Virgin Orbit’s stock price to get rid of the nozzles rebounded more than 60% the day after Brown appeared on CNBC.
The television interview followed a report from Reuters that said Brown was close to closing a deal for a proposed investment in the company, citing the memorandum of terms Hart and Brown signed and the scheduled March 24 deadline.
When the company cut off contact with Brown, on March 25, the three people said, it revealed issues with Brown’s credibility. One said that executives had found evidence that contradicted the details Brown had provided about his background.
In interviews with Reuters over the past week, Brown has denied accusations that he has misrepresented himself. He said Virgin Orbit did not provide the information he would have wanted before he was comfortable transferring the $200 million into an escrow account as agreed in the terms sheet. Brown did not specify what information he was seeking, and Reuters has not been able to independently verify his assertion.
“I absolutely have the money 100 percent,” Brown added.
Low placed under the radar
Reuters found apparent inconsistencies in several key elements of assertions Brown made on CNBC or on LinkedIn about the companies he works for, his investments and his partners.
Brown told Reuters he did not own any shares in Virgin Orbit and had not benefited from his offering and the short-term jump in share prices that followed. The company’s bankruptcy filing Tuesday showed Matthew Brown owned 238 shares at the time of the filing. Those shares were worth $48 on Thursday.
The listed investor is a different Matthew Brown, said Brown.
Reuters was unable to find the corporate registrations of two companies Brown said on LinkedIn he was an advisor or partner to: Hong Kong-based Hogshead Spouter and Hawaii-based Kona Private Capital.
It worked through outside entities, Brown told Reuters, without providing details. He said he did not know where Kona and Hogshead were registered.
In his interview with CNBC, Brown said he worked with OpenAI. An OpenAI spokesperson said it never worked with him.
Asked about this, Brown told Reuters that he structured the deals to protect investor confidentiality with a preference for “keeping a low profile”.
At the time of his approach to Virgin Orbit, Brown’s LinkedIn page included an endorsement from Dan McDermott, identified as a former colleague at Hogshead Spouter and as a former HKMA official. The central bank said it had no record of McDermott being employed.
Contacted by LinkedIn, McDermott declined to answer questions about his background.

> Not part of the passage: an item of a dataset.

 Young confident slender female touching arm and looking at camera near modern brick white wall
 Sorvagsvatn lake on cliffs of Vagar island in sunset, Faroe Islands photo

Brown said he worked at Woods Family Office, a Houston-based private wealth firm, from 2008 to 2021, starting at age 18 as CEO managing $6 billion and then as a senior advisor. The family office, which identifies Eric Woods as the director on its website, did not respond to a request for comment.
When asked about his company via LinkedIn, Eric Woods said, “I have nothing to say and neither does my family’s office.” He added, “While Matt is an advisor, we are not affiliated with Matt’s purchase of Virgin, which I assume this relates to.”
Following an inquiry from Reuters to LinkedIn as to whether Woods and McDermott’s accounts were real, both accounts were deleted. LinkedIn declined to discuss specific cases but said it was its policy to remove accounts it found to be fraudulent.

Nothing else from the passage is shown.